Nature will find a way if it has enough room for trial and error. Say, millions of germs mutating inside millions of hosts using antibiotics, trillions of mutations trying to beat a single molecule. By the time the Cretaceous environment recovered, birdosaurs could not regain their place on the top of the food chain because that space was taken over by mammals.
So if the extinction is swift and massive enough, the ecosystem will shift and there will not be a way to be found. So you should always ask: what dreadful bloodsucking beasts will replace the mosquito ?
I would much rather prefer they breed a transgenic mosquito unable to spread dengue than try to wipe all mosquitoes off the face of the planet.
When you look at the successes of nature you cannot help but marvel at it's ingenuity.
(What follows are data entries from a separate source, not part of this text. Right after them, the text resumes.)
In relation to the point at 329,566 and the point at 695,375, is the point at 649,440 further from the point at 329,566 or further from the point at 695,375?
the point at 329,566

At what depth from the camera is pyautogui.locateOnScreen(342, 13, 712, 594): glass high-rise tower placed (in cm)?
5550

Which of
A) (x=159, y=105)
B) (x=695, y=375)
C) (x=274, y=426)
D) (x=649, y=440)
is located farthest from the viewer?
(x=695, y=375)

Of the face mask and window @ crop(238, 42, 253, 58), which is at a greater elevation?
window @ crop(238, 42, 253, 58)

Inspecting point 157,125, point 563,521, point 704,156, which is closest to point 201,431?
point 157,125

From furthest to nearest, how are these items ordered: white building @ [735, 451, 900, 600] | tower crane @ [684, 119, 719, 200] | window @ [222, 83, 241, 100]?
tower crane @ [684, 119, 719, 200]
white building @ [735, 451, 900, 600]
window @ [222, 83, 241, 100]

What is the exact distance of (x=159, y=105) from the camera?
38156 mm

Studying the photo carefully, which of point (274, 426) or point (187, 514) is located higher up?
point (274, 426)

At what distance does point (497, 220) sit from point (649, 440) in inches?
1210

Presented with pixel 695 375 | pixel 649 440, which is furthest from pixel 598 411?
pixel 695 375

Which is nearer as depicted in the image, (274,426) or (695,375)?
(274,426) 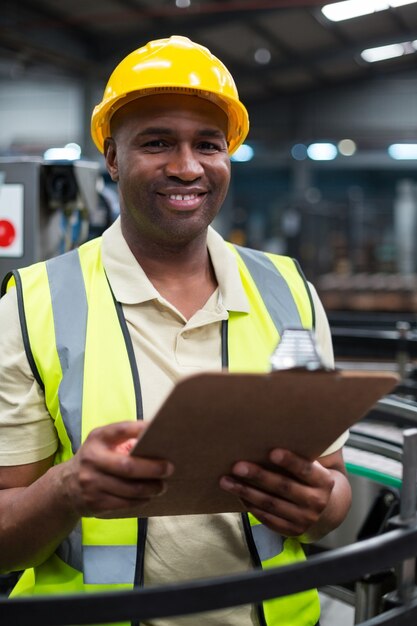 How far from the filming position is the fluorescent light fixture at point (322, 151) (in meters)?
18.0

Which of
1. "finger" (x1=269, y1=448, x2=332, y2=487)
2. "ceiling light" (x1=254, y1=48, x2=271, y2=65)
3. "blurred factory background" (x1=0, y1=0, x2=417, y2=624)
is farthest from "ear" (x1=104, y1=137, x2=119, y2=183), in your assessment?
"ceiling light" (x1=254, y1=48, x2=271, y2=65)

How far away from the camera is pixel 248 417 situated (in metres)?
1.00

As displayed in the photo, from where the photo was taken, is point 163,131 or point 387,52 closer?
point 163,131

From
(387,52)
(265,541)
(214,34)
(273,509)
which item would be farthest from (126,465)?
(387,52)

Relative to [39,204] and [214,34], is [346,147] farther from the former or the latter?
[39,204]

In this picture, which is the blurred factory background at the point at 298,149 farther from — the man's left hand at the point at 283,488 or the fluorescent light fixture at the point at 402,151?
the man's left hand at the point at 283,488

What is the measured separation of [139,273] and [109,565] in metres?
0.54

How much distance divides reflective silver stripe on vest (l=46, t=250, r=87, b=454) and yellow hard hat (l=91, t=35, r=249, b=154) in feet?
1.09

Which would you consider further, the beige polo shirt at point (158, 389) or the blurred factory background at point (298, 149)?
the blurred factory background at point (298, 149)

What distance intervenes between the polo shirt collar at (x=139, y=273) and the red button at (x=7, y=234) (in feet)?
4.68

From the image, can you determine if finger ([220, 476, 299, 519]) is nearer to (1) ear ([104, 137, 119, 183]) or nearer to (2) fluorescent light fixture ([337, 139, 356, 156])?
(1) ear ([104, 137, 119, 183])

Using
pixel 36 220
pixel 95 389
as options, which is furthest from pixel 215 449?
pixel 36 220

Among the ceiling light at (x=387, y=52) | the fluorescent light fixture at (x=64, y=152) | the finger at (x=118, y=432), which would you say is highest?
the ceiling light at (x=387, y=52)

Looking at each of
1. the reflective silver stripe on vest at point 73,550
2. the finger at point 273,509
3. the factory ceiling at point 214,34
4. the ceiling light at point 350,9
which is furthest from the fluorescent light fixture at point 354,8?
the finger at point 273,509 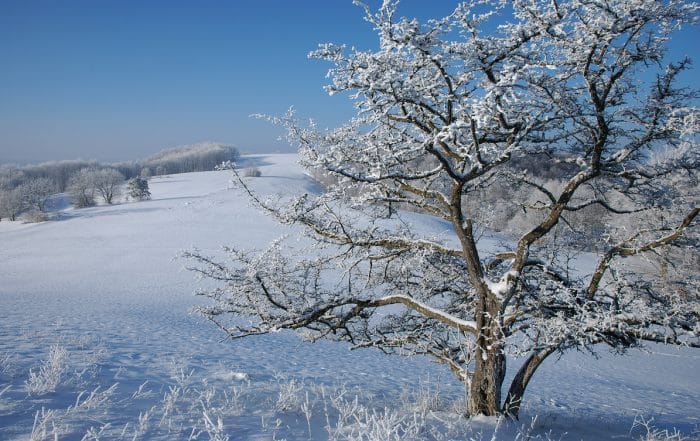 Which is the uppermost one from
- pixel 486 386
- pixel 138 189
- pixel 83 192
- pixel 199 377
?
pixel 138 189

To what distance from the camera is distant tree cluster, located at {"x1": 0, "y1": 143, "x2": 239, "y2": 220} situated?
52.5 metres

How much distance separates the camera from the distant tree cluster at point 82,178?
172ft

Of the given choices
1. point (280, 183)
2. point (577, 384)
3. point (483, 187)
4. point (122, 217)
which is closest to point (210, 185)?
point (280, 183)

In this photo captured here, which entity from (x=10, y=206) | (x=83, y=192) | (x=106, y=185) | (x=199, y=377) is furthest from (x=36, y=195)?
(x=199, y=377)

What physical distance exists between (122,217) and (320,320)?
44447mm

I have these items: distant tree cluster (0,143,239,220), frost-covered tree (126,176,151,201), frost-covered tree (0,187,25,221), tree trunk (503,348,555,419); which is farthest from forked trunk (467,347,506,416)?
frost-covered tree (0,187,25,221)

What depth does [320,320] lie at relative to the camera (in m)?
5.55

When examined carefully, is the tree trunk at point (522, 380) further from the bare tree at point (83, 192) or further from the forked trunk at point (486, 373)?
the bare tree at point (83, 192)

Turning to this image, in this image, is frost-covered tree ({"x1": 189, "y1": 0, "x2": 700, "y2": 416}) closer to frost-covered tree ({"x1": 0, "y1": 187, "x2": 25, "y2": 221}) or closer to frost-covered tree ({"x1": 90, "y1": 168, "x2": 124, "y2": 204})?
frost-covered tree ({"x1": 0, "y1": 187, "x2": 25, "y2": 221})

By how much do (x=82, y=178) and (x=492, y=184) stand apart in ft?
227

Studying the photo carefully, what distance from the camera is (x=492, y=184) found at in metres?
6.00

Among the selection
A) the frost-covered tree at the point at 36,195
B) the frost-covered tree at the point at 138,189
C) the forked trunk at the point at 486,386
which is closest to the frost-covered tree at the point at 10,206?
the frost-covered tree at the point at 36,195

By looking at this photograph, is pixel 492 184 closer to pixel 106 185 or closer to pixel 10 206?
pixel 10 206

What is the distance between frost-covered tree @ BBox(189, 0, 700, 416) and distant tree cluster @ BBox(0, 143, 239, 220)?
86.7 feet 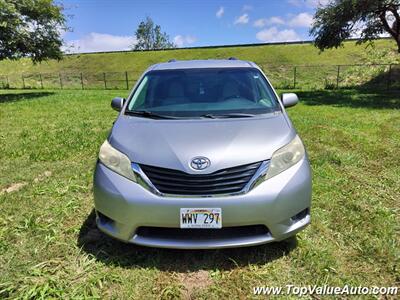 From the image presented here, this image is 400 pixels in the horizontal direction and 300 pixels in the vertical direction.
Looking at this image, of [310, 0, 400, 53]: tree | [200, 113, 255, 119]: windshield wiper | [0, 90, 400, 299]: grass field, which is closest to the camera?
[0, 90, 400, 299]: grass field

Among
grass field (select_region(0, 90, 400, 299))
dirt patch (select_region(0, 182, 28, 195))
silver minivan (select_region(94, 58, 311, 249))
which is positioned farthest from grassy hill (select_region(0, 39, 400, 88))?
silver minivan (select_region(94, 58, 311, 249))

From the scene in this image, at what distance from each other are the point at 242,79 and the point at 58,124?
6311 mm

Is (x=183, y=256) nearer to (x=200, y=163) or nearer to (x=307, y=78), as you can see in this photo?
(x=200, y=163)

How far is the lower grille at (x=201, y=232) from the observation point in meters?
2.36

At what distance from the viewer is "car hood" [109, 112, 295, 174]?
2.32 metres

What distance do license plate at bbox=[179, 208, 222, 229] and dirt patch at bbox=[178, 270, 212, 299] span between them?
0.45 metres

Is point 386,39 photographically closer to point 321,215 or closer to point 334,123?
point 334,123

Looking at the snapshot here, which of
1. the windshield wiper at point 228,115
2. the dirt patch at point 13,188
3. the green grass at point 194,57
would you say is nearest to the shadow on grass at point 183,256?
the windshield wiper at point 228,115

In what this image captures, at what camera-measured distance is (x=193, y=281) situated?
7.95 feet

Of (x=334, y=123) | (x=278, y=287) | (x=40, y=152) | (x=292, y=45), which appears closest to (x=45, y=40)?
(x=40, y=152)

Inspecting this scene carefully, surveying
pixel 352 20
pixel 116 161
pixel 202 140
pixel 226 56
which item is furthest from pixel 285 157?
pixel 226 56

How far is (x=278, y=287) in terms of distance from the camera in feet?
7.62

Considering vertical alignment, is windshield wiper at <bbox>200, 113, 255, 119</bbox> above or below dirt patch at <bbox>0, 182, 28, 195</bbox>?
above

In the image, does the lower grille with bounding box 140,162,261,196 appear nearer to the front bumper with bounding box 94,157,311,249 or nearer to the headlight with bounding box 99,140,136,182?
the front bumper with bounding box 94,157,311,249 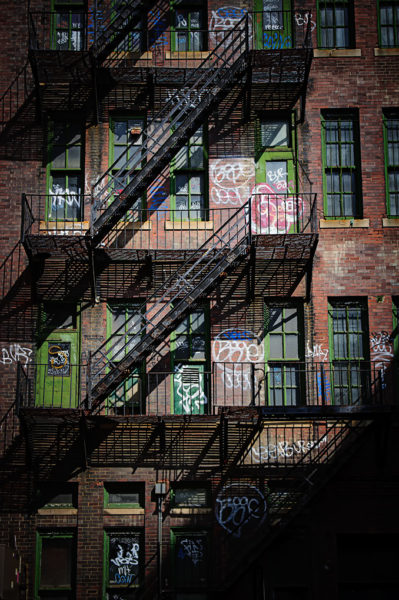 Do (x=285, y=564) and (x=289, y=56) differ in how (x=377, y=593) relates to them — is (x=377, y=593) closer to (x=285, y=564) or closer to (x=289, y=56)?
(x=285, y=564)

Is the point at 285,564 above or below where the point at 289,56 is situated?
below

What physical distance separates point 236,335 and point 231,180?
3.58 meters

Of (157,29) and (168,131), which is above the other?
(157,29)

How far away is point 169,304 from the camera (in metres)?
18.7

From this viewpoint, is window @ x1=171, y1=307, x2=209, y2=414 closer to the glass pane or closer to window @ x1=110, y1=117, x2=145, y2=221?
window @ x1=110, y1=117, x2=145, y2=221

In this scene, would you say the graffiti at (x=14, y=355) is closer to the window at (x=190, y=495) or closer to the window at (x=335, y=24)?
the window at (x=190, y=495)

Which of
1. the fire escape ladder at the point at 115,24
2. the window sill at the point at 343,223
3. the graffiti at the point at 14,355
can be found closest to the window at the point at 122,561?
the graffiti at the point at 14,355

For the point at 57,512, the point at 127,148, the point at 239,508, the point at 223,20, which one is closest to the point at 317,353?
the point at 239,508

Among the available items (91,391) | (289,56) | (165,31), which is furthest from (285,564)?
(165,31)

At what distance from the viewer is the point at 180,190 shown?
783 inches

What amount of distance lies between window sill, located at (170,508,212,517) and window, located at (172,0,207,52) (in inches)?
417

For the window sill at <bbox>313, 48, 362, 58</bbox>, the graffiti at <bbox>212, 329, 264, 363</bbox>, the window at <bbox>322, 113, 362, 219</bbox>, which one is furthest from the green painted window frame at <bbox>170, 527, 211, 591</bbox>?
the window sill at <bbox>313, 48, 362, 58</bbox>

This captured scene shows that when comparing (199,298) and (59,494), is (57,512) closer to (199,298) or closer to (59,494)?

But then you look at it's failures and you can only marvel at it's stupidity.
Nature is just like a password cracker tries all possible combinations of characters. Most tries are wrong and the clock is always ticking.
Humans have been very successful at beating evolution, if more by accident than purposeful action. Mosquitoes won't be pushovers like the dodo were, but if we eradicate one species of them they won't be the first insects we've driven extinct on purpose.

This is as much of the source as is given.